▸ HOW TO COMPLETE THIS TASK:
Start the copy at the line containing "Flowchart of HIV-confirmed" and run it through the last line of the records. Repeat each line exactly; omit pictures.

▸ THE RECORDS:
- Opening Delimiter -
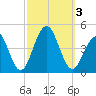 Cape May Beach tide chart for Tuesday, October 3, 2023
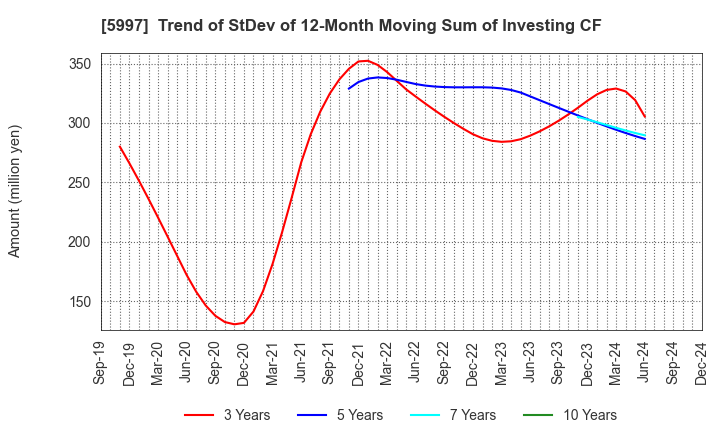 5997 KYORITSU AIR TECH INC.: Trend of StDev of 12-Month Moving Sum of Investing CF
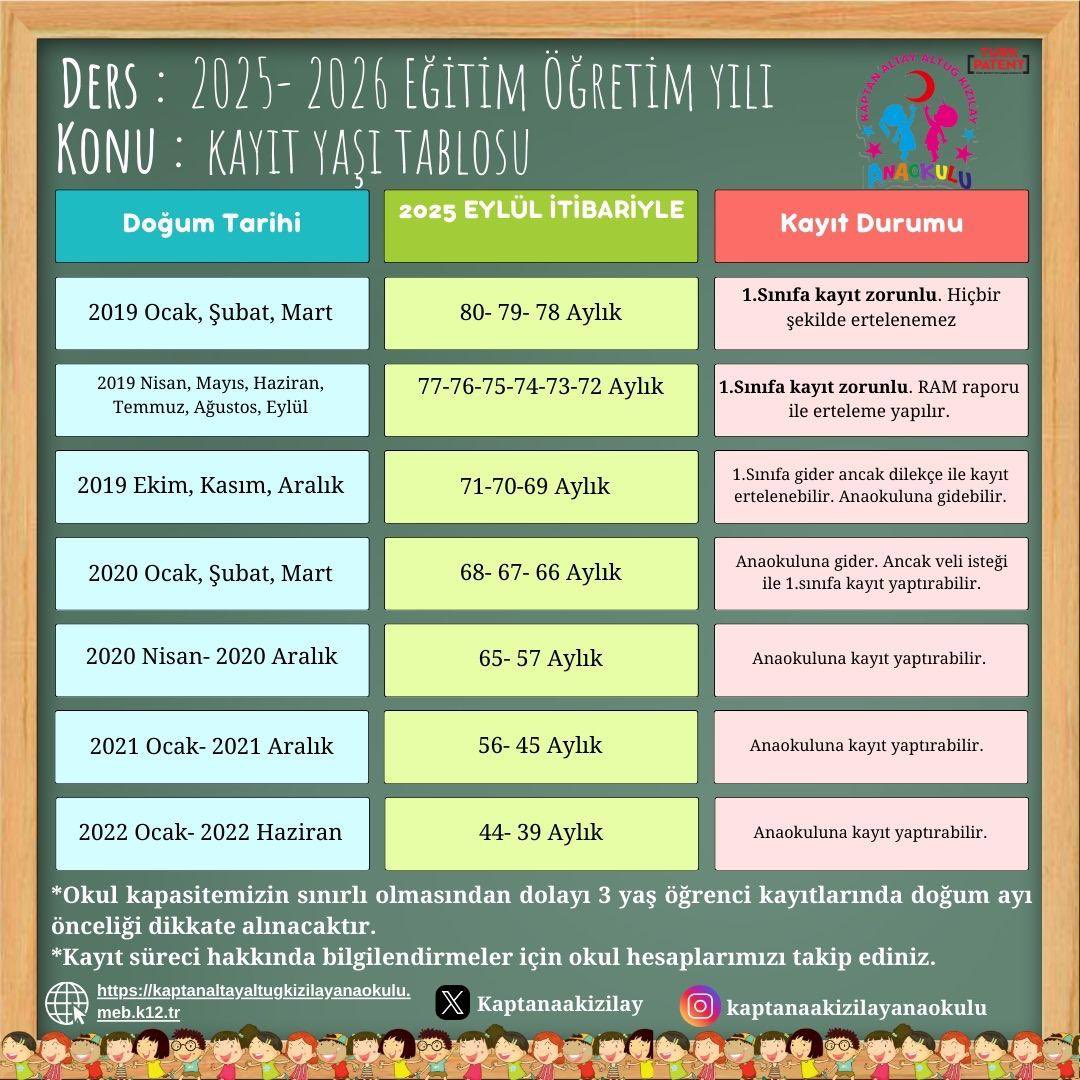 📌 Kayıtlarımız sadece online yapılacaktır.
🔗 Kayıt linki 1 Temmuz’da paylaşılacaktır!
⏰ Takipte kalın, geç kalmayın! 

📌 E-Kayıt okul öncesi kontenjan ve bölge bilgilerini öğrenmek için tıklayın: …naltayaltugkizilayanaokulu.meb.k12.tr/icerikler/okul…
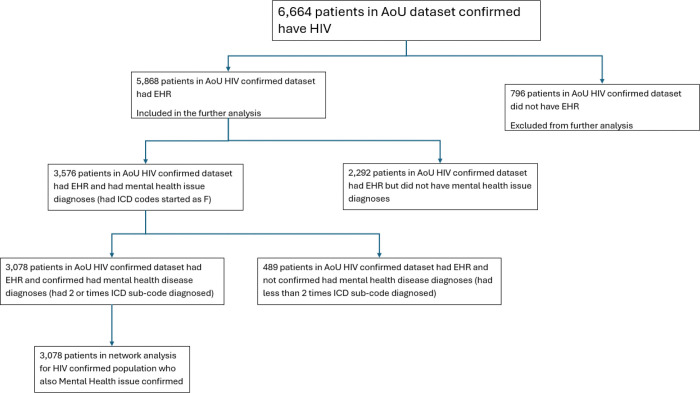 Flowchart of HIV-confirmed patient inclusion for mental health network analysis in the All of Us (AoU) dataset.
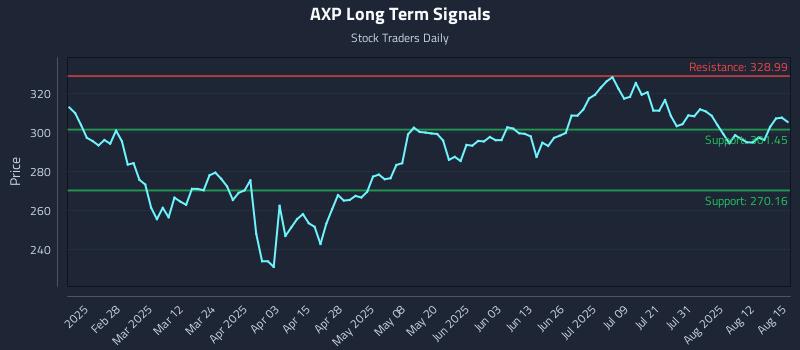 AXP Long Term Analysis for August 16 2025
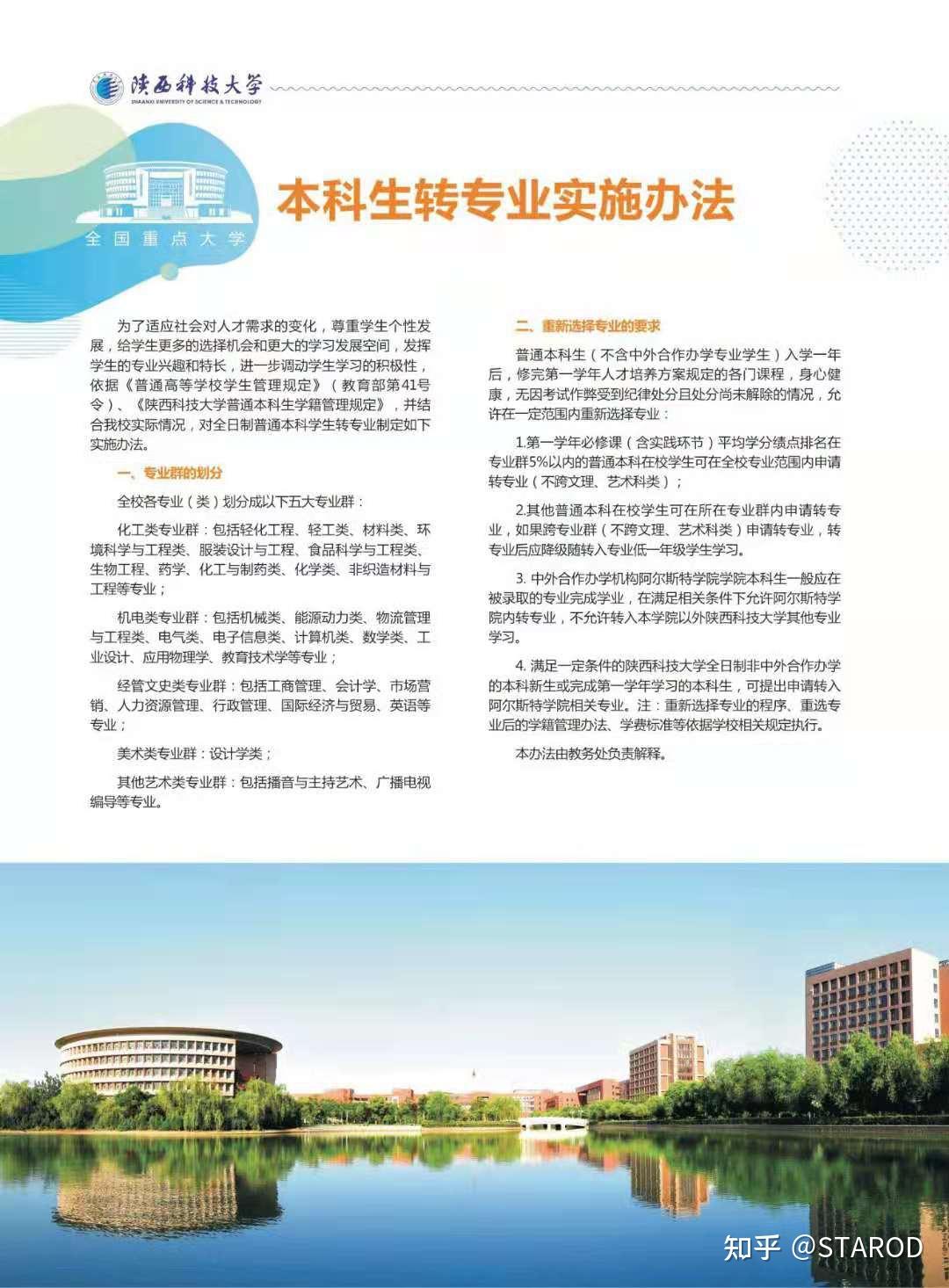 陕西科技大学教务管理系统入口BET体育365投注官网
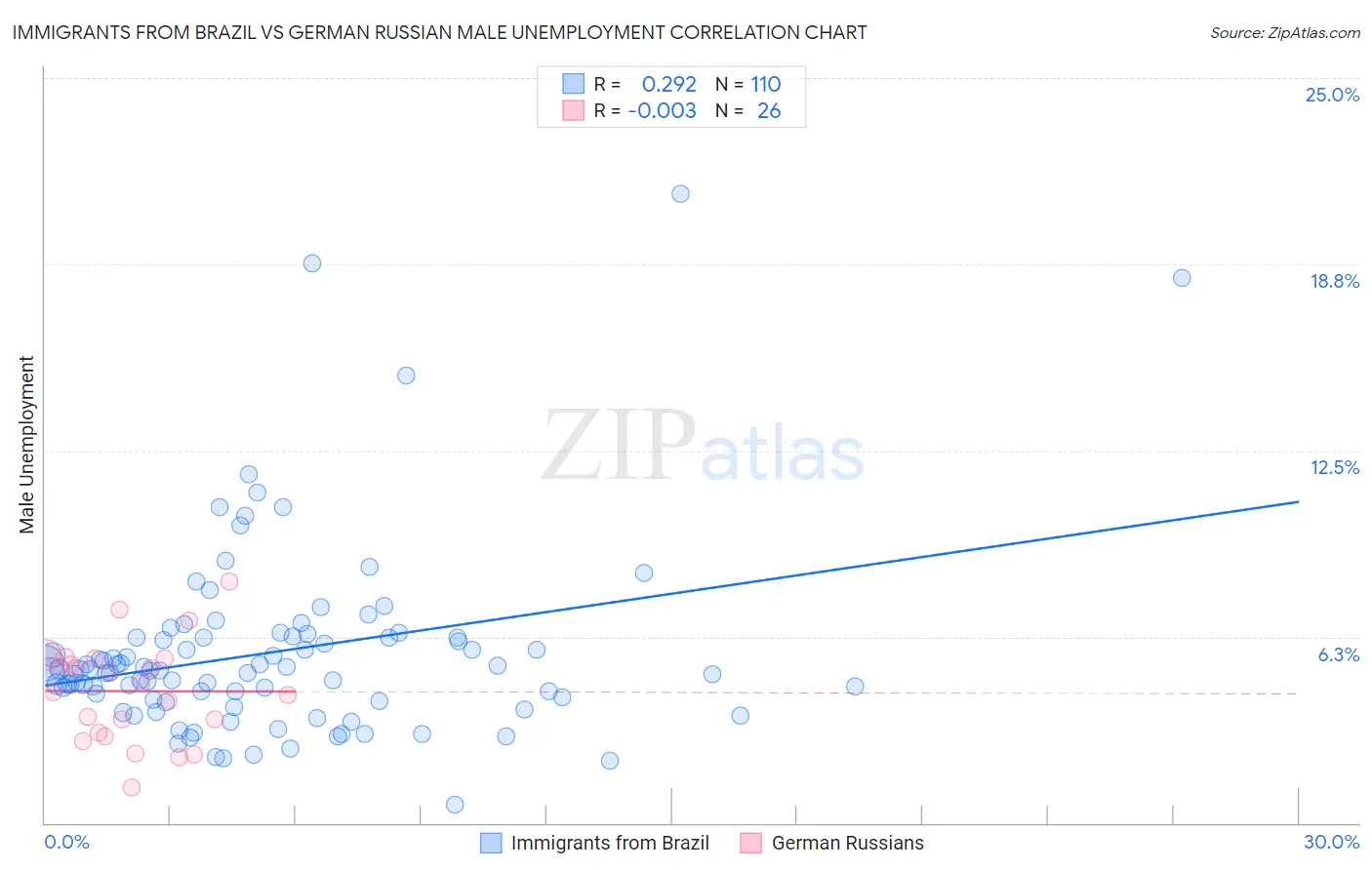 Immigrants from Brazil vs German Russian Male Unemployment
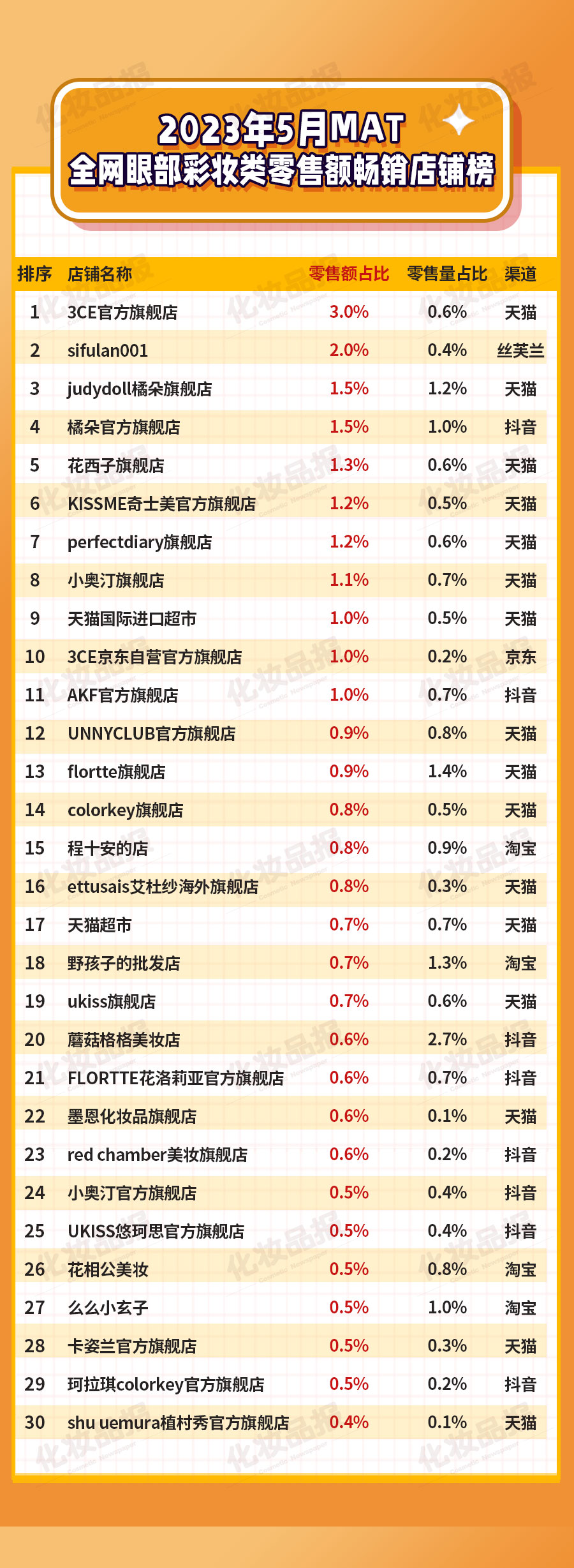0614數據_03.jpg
- Closing Delimiter -
▸ ANSWER TO THE EXERCISE:
 Flowchart of HIV-confirmed patient inclusion for mental health network analysis in the All of Us (AoU) dataset.
 AXP Long Term Analysis for August 16 2025
 陕西科技大学教务管理系统入口BET体育365投注官网
 Immigrants from Brazil vs German Russian Male Unemployment
0614數據_03.jpg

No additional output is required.